--- PROVIDED ENTRIES Enclosed Below ---

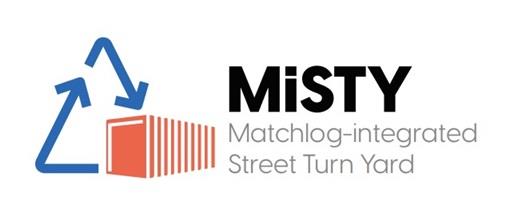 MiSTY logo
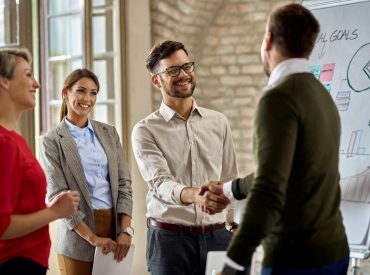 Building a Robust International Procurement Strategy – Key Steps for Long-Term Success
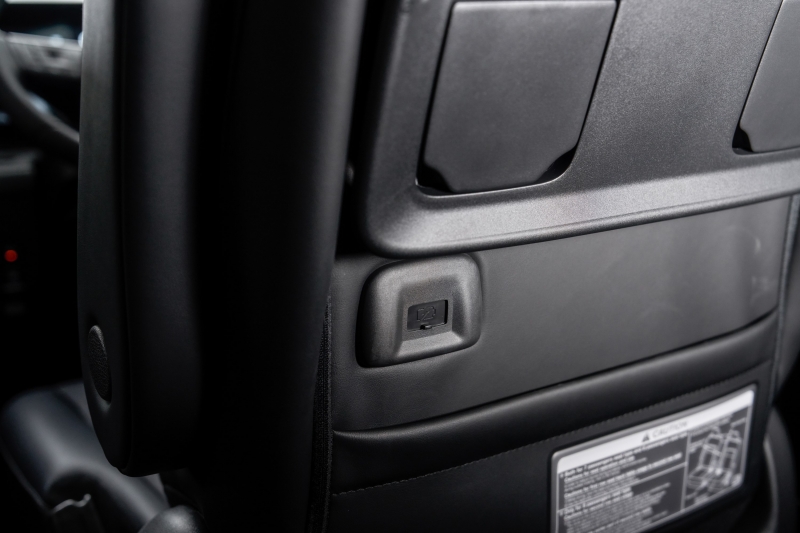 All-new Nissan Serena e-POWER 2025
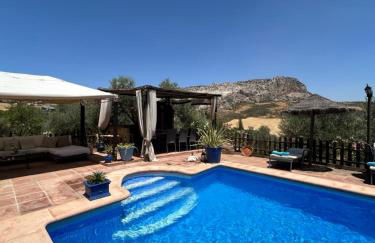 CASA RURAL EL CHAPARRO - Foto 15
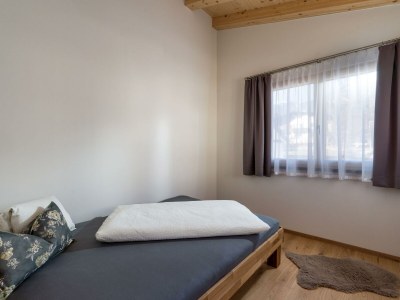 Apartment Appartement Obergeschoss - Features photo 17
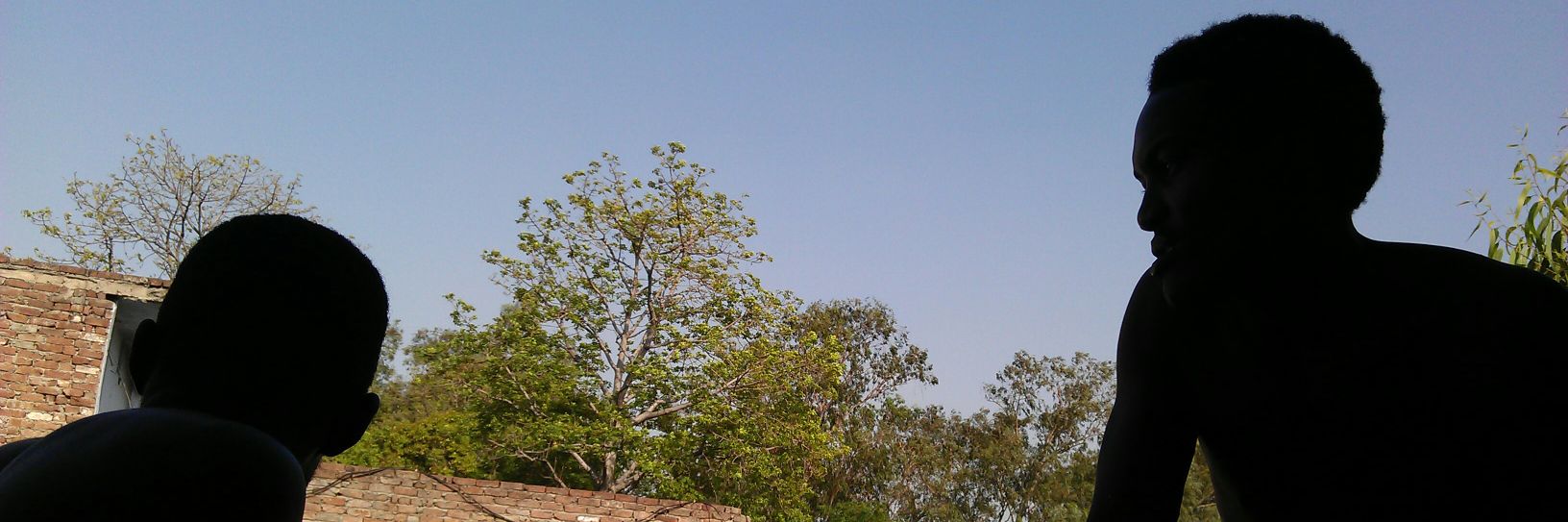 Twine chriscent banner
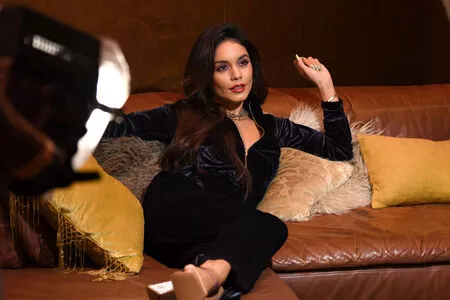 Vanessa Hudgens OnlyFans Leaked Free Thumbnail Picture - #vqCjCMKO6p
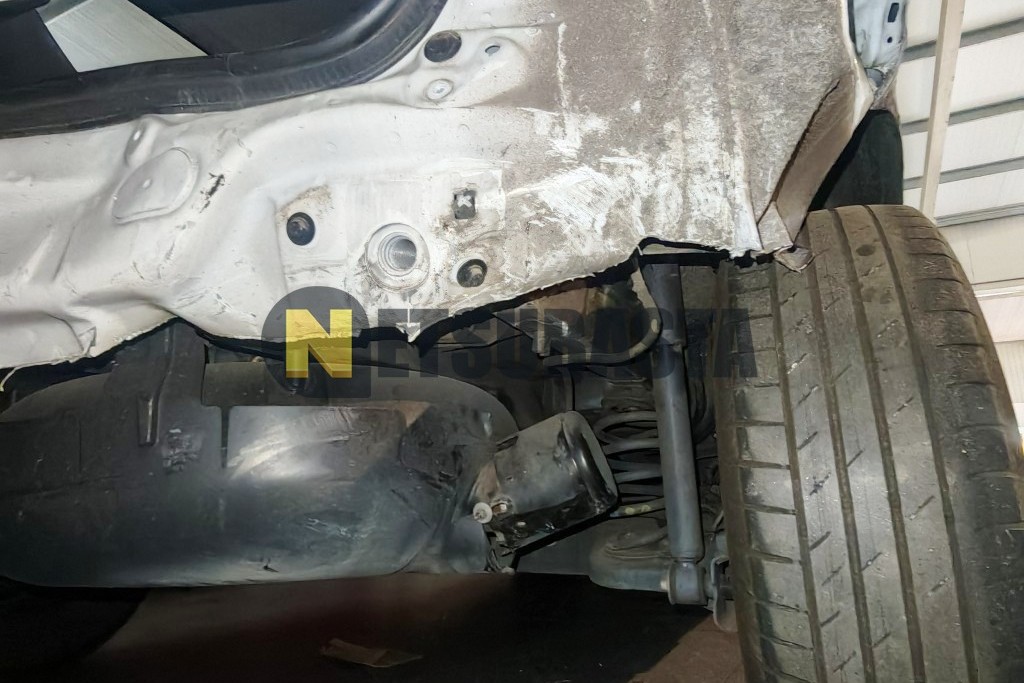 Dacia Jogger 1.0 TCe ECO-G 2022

--- End of Enclosed PROVIDED ENTRIES ---

WHAT YOU NEED TO DO
Print, please, exactly the lines from the one holding "Twine chriscent banner" through the final line of the data, both included, while leaving out each picture.

RESULT BELOW
 Twine chriscent banner
 Vanessa Hudgens OnlyFans Leaked Free Thumbnail Picture - #vqCjCMKO6p
 Dacia Jogger 1.0 TCe ECO-G 2022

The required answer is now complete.